Las birlochas, El Jabato y las huchas del Domund


Cuando despuntaba el verano por aquellos años, llegaba una de las formas más sanas y entretenidas de pasar las tardes: el noble arte de volar bilochas (o birlochas, cometas...).
La mayoría de las veces no se adquirían en las tiendas. Siempre había alguien habilidoso que a base de cañas finas, papel e hilo palomar elaboraba unos artefactos aerodinámicos que cobraban altura a la mínima brisa que se levantara.
 Las ciudades estaban entonces atravesadas de solares vacíos y descampados, escenarios de juegos infantiles hasta el anochecer, desde el fin de la siesta hasta la vuelta al hogar familiar caídas ya las últimas luces. Eran lugares propicios para echar a volar esas naves de juguete en aquellos tiempos en que solo existía lo analógico, lo digital ni se imaginaba y no había aplicaciones que descargar, la única aplicación que se conocía consistía en tener buena conducta en clase y ser diligente a la hora de hacer las tareas escolares.
 Ya digo, las birlochas aseguraban muy sabrosos ratos de entretenimiento. Nos ponían en contacto con la Naturaleza. Yo recuerdo tardes inolvidables de mi infancia, cuando la aldea costera donde veraneábamos eran cuatro casas y una calle principal de tierra y polvo, sujetando el cordel que tremolaba con fuerza antes las embestidas del viento que venía del mar. No se podía ser más feliz con menos.



  Las cometas parece ser que tenían su origen en la milenaria China. No sé si para corroborar todo esto, en una aventura de El Jabato -ese inolvidable héroe ibero que se echó por novia a la hija de un senador romano, Claudia, la de belleza solo comparable a la Sigrid del Capitán Trueno- El Jabato, digo, junto con sus fieles Taurus y Fideo de Mileto, pasó unos momentos muy tensos cuando un avieso mandarín chino los colgó de enormes cometas a cientos de metros de altura.
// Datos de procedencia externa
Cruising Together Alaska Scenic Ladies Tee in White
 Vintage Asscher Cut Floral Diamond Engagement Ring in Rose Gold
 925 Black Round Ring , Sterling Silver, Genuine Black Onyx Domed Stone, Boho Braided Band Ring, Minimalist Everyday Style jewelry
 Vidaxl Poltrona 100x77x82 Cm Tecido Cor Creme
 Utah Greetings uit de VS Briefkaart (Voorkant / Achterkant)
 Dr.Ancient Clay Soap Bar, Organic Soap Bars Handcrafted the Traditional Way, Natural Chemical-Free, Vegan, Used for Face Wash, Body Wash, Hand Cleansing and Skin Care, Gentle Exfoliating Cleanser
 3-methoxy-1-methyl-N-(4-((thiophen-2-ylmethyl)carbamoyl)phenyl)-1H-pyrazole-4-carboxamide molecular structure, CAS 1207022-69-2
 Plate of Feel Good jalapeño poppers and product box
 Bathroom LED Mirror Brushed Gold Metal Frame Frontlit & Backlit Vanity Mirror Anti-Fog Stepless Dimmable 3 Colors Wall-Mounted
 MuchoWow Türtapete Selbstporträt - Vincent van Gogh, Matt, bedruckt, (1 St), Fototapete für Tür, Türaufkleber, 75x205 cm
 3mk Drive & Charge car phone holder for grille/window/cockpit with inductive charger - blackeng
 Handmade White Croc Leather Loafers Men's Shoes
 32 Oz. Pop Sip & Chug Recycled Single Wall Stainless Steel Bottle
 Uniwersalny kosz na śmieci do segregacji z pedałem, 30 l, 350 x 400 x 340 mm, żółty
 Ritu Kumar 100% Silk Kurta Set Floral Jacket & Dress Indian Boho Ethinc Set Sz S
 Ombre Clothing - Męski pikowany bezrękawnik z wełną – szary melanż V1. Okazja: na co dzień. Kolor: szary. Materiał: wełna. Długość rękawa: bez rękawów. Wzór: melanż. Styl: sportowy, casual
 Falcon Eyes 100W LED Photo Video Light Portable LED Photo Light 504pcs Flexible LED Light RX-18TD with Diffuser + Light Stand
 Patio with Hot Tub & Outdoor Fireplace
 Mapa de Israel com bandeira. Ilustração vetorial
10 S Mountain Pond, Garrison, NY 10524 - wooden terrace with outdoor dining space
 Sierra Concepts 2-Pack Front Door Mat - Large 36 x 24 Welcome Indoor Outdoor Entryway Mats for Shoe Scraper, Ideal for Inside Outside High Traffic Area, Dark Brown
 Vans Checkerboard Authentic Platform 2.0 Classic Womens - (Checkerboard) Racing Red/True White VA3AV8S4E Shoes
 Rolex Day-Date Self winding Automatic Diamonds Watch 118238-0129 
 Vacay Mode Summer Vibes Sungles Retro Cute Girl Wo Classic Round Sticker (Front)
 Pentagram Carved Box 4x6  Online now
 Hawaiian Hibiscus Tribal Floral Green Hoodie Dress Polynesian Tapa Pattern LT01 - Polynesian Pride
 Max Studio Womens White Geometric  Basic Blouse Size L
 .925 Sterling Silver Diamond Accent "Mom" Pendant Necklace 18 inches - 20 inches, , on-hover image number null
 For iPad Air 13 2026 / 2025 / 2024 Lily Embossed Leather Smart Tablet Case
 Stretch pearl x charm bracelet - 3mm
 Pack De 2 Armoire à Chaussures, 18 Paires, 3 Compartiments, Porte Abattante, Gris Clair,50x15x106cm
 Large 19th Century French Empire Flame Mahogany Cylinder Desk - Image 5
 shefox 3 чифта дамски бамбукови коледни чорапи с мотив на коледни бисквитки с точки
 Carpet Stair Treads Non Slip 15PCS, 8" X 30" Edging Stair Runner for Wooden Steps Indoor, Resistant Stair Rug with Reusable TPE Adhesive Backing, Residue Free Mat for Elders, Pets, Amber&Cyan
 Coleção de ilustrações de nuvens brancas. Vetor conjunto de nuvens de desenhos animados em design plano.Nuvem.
 China... Por aquel entonces, lo que nos llegaba del populoso país asiático era la acuciante necesidad de bautizar a tantos niños que de seguro iban a acabar en el Limbo caso de no recibir las bendecidas aguas. En un principio, las huchas para la cuestación llevaban incluso la figura de un chinito. Eso es la infancia también. Los domingos otoñales, fríos y luminosos, recorriendo las calles con los compañeros y colocando pegatinas del Domund en las solapas de quienes iban a las confiterías después de salir de la misa de 12. De la exótica China apenas nos llegaba nada más. Bueno, y el Flan Chino Mandarín en sobres que en realidad fue un genial invento de Alfonso Valdés García, químico español con una gran visión comercial.
Estábamos muy lejos todavía de bajar a las 11 de la noche a la tienda de Yuan a comprar  Nescafé para el desayuno del día siguiente.